We like numbers. We talk, preach, eat, drink, and sleep those numbers. Ask any church leader how things are going at the church and the first thing cited will be numbers: worship attendance; educational attendance; baptisms; giving.
If it can be measured, we Baptists have that statistic --- or a committee appointed to investigate it.
It's what we can't measure that seems to be giving us problems.
Just like the recent Willow Creek "Confession" that suggest more numbers doesn't mean more disciples, I submit that we Baptists need to make the same confession.
After World War II, we Baptists believed we had found the sweet spot of evangelism, discipleship and missions. We were growing. In every category of measurement, we were growing. And we revelled in it.

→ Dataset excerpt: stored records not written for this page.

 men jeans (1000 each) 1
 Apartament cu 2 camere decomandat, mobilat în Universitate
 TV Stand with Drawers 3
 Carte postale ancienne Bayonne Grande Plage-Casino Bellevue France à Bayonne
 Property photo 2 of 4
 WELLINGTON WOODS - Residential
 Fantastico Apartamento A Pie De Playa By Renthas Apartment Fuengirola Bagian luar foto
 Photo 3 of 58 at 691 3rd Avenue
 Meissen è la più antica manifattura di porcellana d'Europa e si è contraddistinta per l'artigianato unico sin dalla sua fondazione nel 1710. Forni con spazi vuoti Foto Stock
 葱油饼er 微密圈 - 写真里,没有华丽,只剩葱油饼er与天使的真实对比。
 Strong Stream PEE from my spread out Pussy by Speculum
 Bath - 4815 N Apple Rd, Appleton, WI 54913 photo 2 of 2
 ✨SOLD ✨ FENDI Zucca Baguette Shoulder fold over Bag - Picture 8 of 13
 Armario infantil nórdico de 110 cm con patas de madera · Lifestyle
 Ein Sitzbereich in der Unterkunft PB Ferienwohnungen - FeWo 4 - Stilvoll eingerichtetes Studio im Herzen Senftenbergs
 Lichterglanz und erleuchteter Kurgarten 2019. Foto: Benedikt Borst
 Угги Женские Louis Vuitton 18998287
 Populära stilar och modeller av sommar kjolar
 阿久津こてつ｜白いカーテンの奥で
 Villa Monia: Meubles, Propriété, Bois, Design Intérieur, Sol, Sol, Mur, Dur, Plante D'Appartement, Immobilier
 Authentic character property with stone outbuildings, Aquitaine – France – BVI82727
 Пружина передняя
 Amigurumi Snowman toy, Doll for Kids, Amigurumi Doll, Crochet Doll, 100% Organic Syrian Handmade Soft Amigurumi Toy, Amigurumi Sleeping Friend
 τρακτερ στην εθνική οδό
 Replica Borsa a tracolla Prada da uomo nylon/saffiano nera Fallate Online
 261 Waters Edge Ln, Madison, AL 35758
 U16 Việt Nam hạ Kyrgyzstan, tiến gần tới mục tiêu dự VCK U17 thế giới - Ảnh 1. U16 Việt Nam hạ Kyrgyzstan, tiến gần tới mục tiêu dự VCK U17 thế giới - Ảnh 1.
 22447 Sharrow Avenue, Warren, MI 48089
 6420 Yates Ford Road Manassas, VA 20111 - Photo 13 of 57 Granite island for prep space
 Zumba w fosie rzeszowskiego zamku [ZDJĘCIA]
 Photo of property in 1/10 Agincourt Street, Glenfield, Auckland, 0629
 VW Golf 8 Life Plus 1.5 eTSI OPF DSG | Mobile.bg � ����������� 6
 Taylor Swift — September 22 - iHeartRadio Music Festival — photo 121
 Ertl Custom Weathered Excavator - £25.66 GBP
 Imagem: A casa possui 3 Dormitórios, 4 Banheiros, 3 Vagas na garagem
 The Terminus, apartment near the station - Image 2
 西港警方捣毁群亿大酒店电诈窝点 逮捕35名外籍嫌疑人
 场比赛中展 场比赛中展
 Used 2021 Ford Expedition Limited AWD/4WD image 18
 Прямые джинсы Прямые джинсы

Then came the shocking realization that it was all a numbers game: we were growing not because of our efforts but instead the Baby Boomers had no choice except to go to church with their parents. In other words, the young couples in our churches were having that 2.3 children (on average) and our numbers were growing.
By the time those children finished college, the shallow spiritual roots we shaped had no depth. Most of that generation stopped attending, and then their children now have no concept of church at all. What happens with the third generation?
All that leads me to a discussion topic from Art Rogers blog that says we Baptists are not doing too well. In fact, most of Christianity is not doing too well. What we've been doing in the past has actually caused =negative= responses among the non-churched. The primary positive response of our efforts have been among those already Christian.
If we're just stealing sheep from other denominations, are we really making disciples?